▸ **AIM OF THE EXERCISE**: Each record below must come back exactly as written; its pictures must not.

▸ **MATERIAL TO PROCESS**:
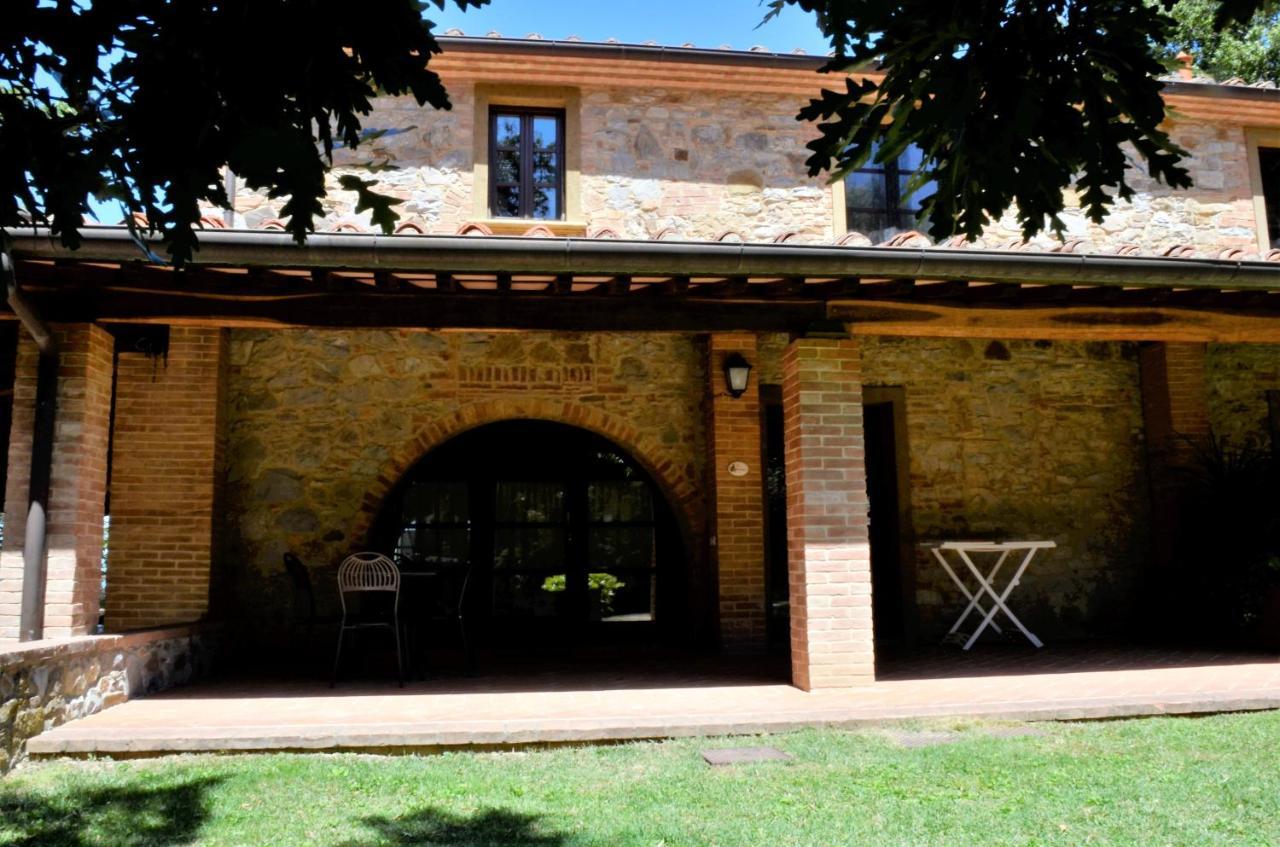 Villa Le Polle Di Meletro Chianni Luaran gambar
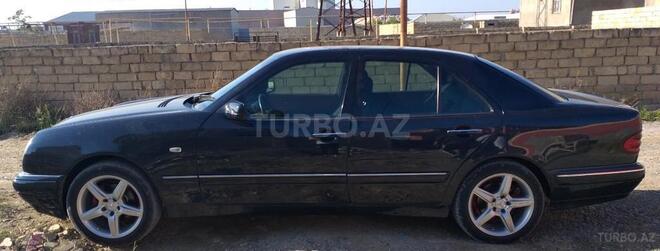 Mercedes E 230 1995, 274,000 km - 2.3 л - Bakı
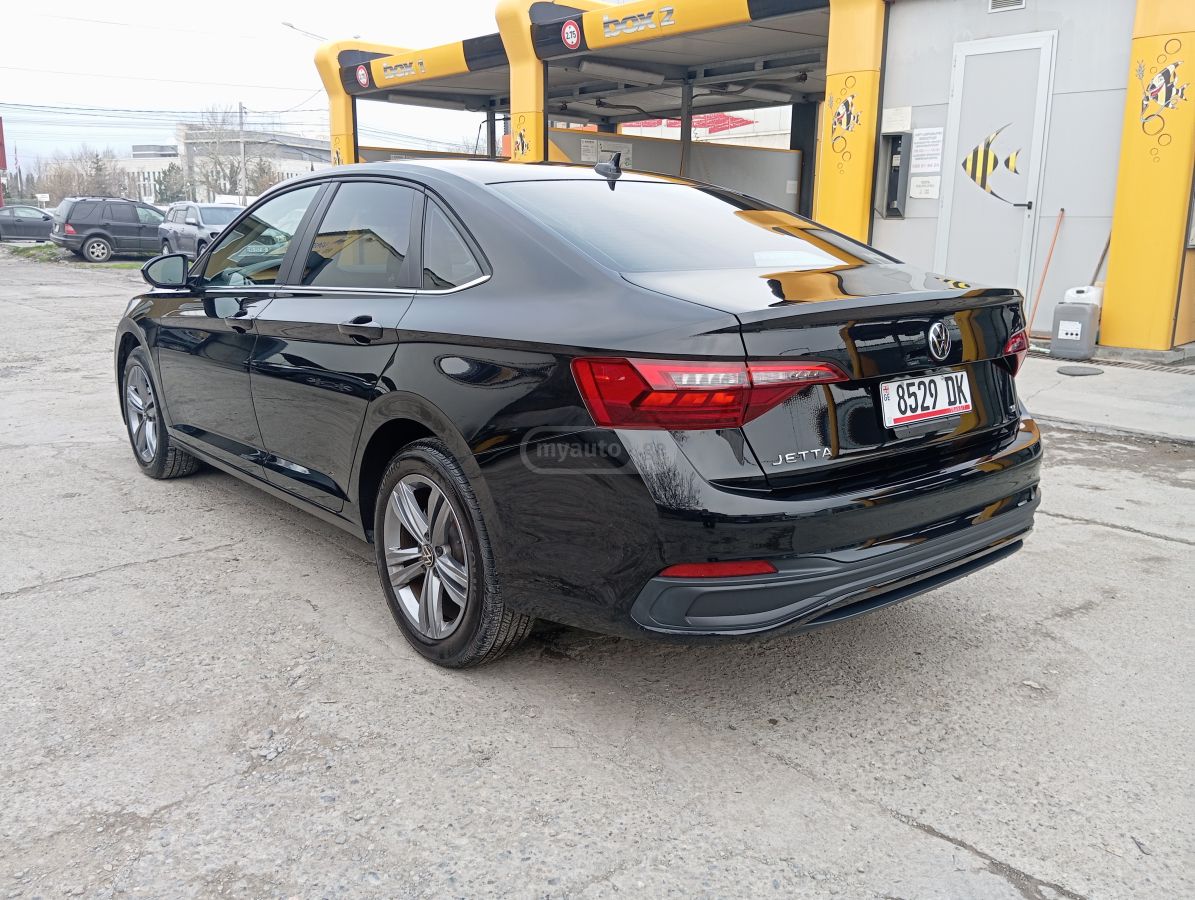 Volkswagen Jetta - фото 5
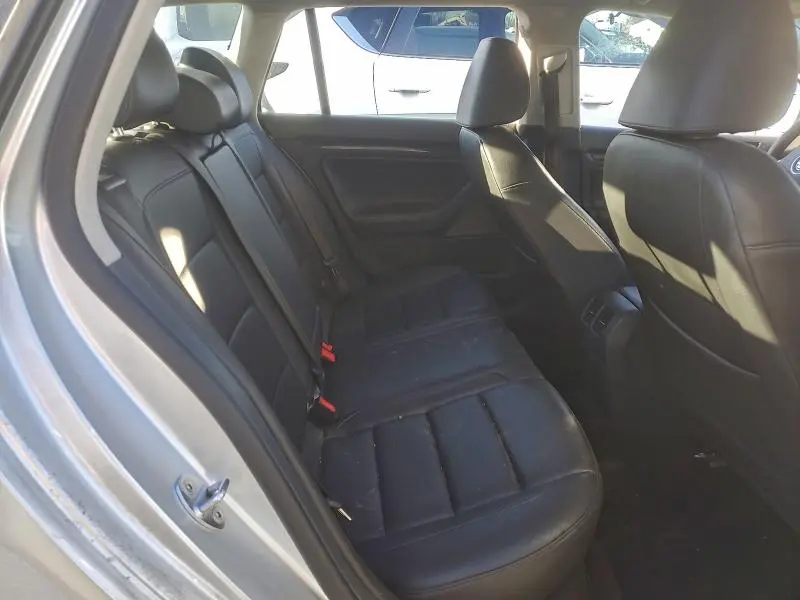 2011 VOLKSWAGEN JETTA TDI  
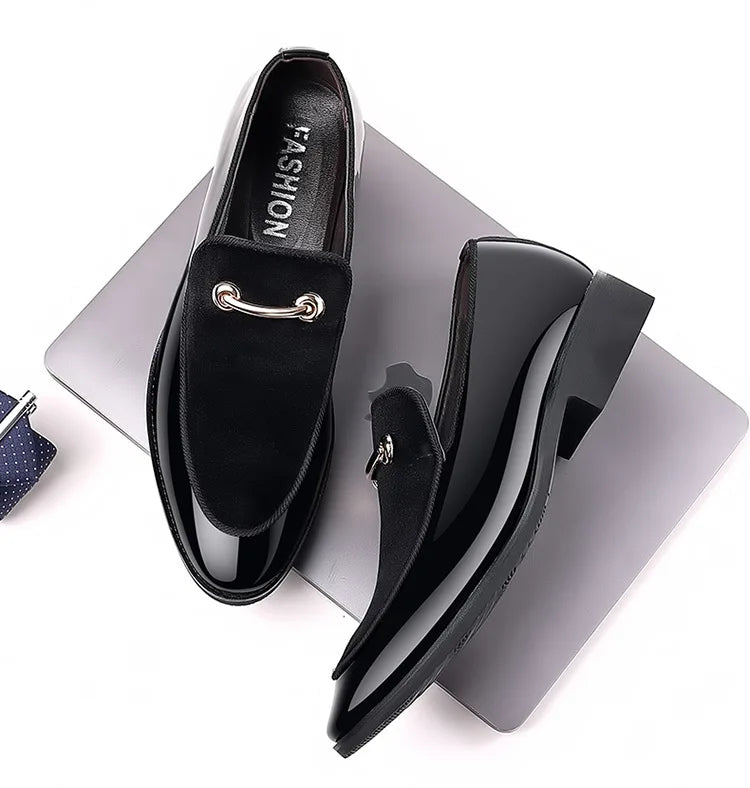 Zapatos de vestir para hombre, de fiesta, negros de lujo, de cuero formal, sin cordones, de charol, de negocios informales, mocasines, talla grande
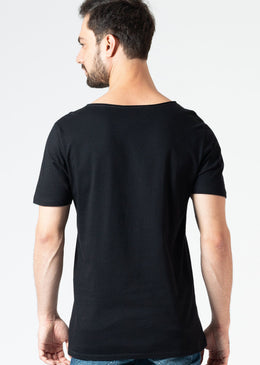 Camiseta 100% algodão com caimento ótimo e corte moderno, gola canoa (fio). A KSA apostou em parcerias com artistas de rua - grafiteiros - para desenvolver...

▸ **EXPECTED ANSWER**:
 Villa Le Polle Di Meletro Chianni Luaran gambar
 Mercedes E 230 1995, 274,000 km - 2.3 л - Bakı
 Volkswagen Jetta - фото 5
 2011 VOLKSWAGEN JETTA TDI  
 Zapatos de vestir para hombre, de fiesta, negros de lujo, de cuero formal, sin cordones, de charol, de negocios informales, mocasines, talla grande
 Camiseta 100% algodão com caimento ótimo e corte moderno, gola canoa (fio). A KSA apostou em parcerias com artistas de rua - grafiteiros - para desenvolver...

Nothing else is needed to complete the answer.